Midterm interviews will be the week of April 4th


Cryptography and mobile applications (and other things)
 - highly encourage you all to take cryptography
     - it is moving to 2nd year, so you should be able to take it in the fall/winter

Key problem in mobile OSs
  - how do I know what code is "okay" to run?
     - what code is authorized?

Key technology: digital signatures
 - so only run code signed by approved authorities

Note this applies everywhere
 - firmware (code that runs on devices)
 - boot loaders (code to start an operating system)
 - operating systems
 - applications

Four building blocks of modern cryptography
 - secure hashes
 - message authentication codes (MACs)
 - symmetric encryption
 - public key encryption
    - which includes digital signatures

What is a digital signature?

When you install software on Windows, it will say who has published the software
 - under the hood, Windows is checking the digital signature of the software
 - if "unknown publisher", there wasn't a valid signature, or was signed
   by someone Windows didn't know about

Digital signature provides two basic guarantees
 - authenticity  <--- who signed this
 - integrity     <--- is it what was signed, with no changes

Integrity comes from secure hashes (cryptographic hashes)
 - MD5, SHA1 were older ones, don't use them
 - SHA256, SHA512, others are better

On many OSs, can generate a SHA256 hash with the sha256 command or similar
 - produces a 256-bit value (normally displayed in hexadecimal)
    - because in base-16 each digit represents 4 bits

A hash of any kind converts an arbitrary-sized input into a fixed-sized output.

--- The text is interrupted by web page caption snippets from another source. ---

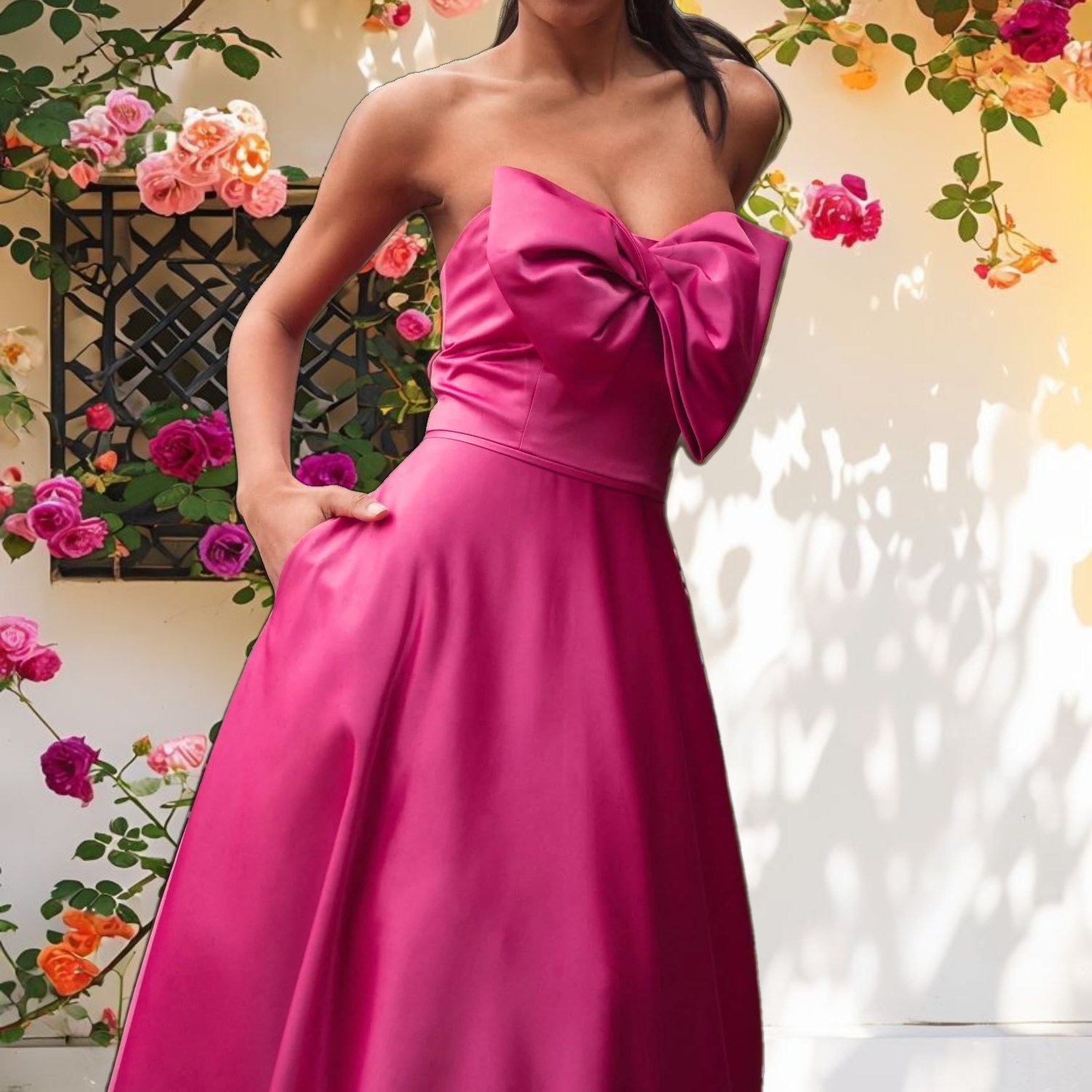 Pink Strapless A Line Bow Ballgown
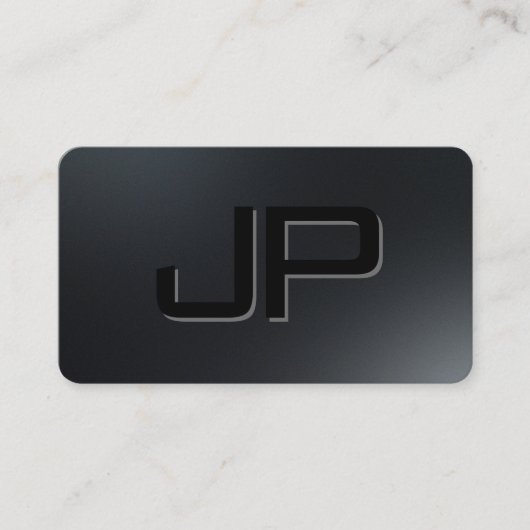 Elegante Sjabloon Zwart Monogram Premium Zijde Visitekaartje (Voorkant)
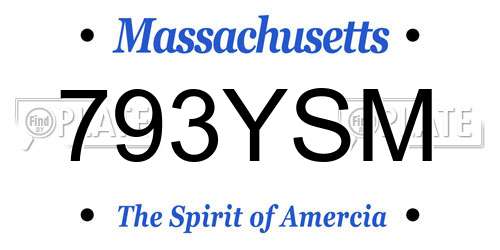 793YSM Massachusetts License Plate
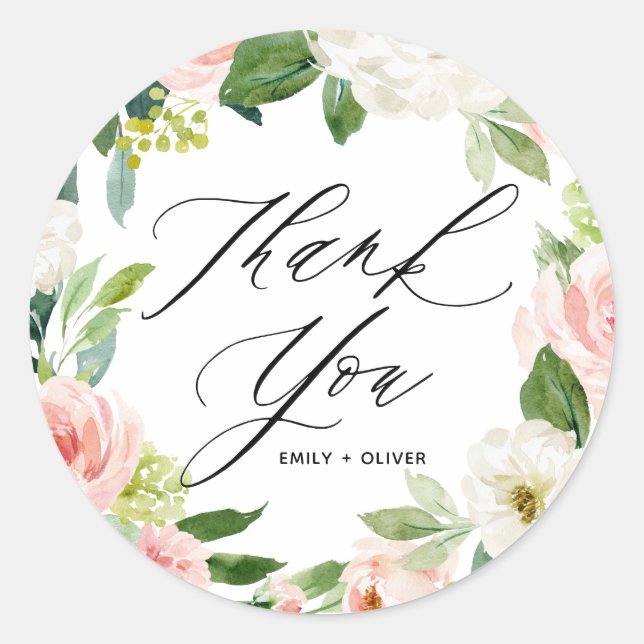 Sticker Rond Aquarelle rose Pêche Floral Merci de couronne (Devant)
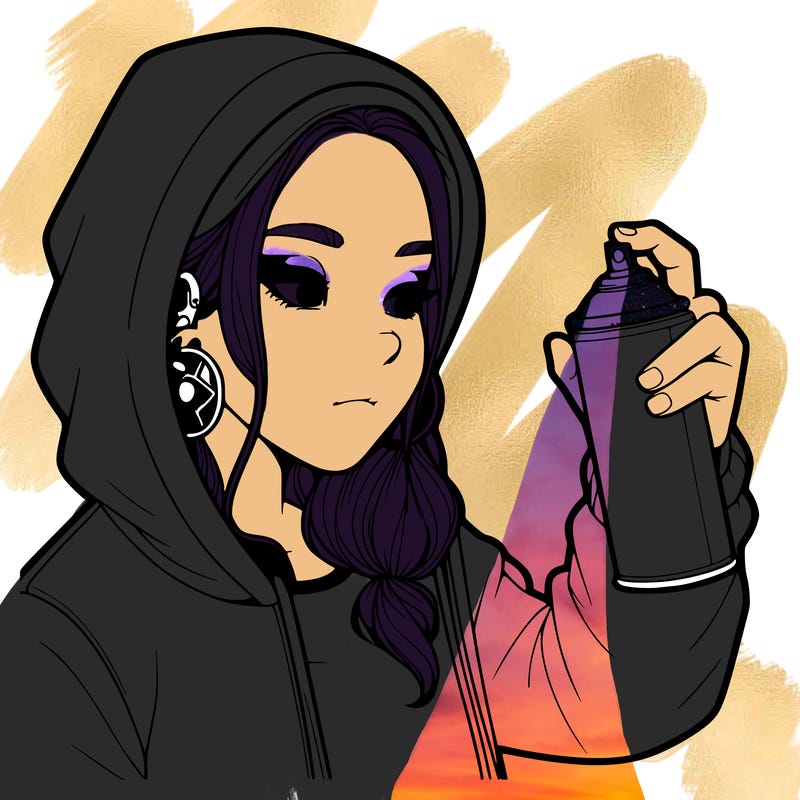 a realistic girl, spray painting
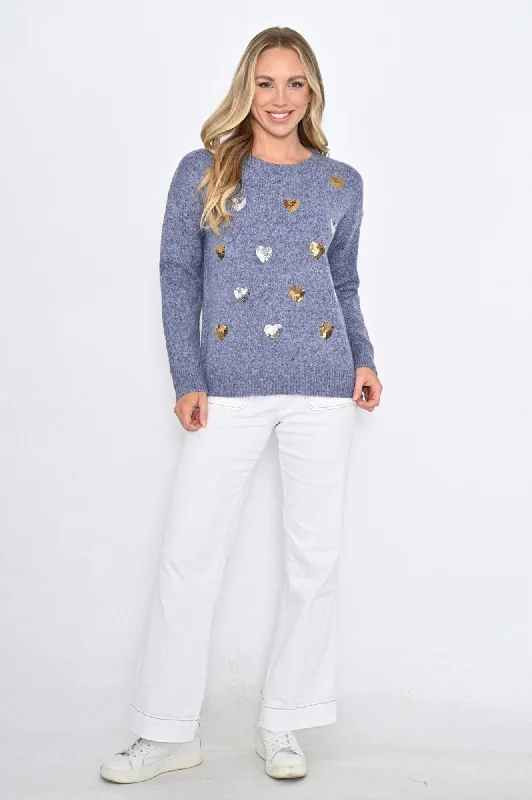 Sequin Heart Knit - Navy $50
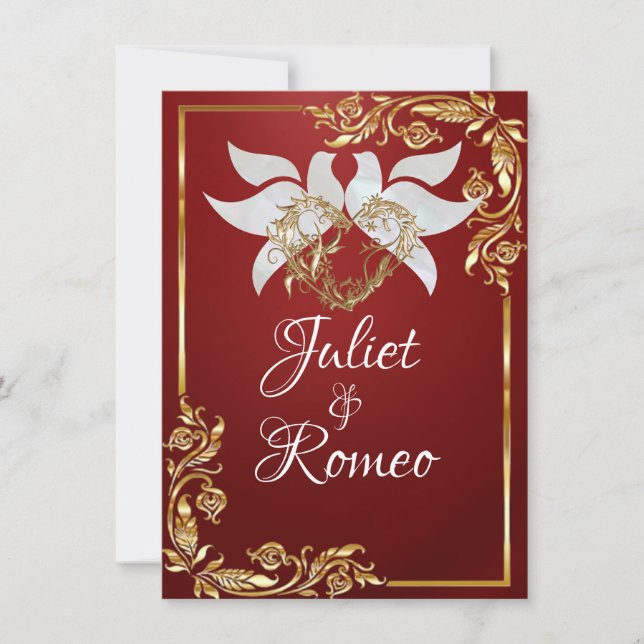 Invitación Doves, Heart, & Gold Leaves on Ruby Red (Anverso)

A secure hash should have the following properties
 - given a document, it should be easy to compute the hash
 - given a hash, it should be *difficult* to construct a document
   that has that hash
 - it should be *difficult* to find two documents that have the same hash
 - if you change one bit in the document, it should on average change
   half the bits in the hash.

Note that hash functions have *no key*

So if someone presents you with a secure hash to identify a document and you get the document from another source, the secure hash can tell you that a) you found the right document, and b) it hasn't been changed
 - in effect, a secure hash is a strong identifier of any digital data

Classic use: downloading large files (disk images, etc)
 - main website shows secure hash
 - download file from a mirror
 - check the downloaded file has the same hash

Technologies like bittorrent and git are built on secure hashes

Now, how do you know you have the right hash for a file?
 - if you downloaded it from a website, the website could have been compromised
 - can we have a stronger guarantee?

This is what digital signatures are for.

Symmetric encryption
 - k: the key
 - P: plaintext
 - C: ciphertext (encrypted plaintext)
 - E: encryption algorithm
 - E': decryption algorithm

 - normally E and E' are the same or almost the same
 

 E(P,k) => C
 E'(C,k) => P

This is how secret decoder rings work
This is also how AES works.
  - AES is a symmetric block cipher
     - works on 128 bits at a time
     - key can be 128, 192, or 256 bits
(How do you encrypt something longer that 128 bits?  That's block cipher modes, beyond the scope of this lecture.)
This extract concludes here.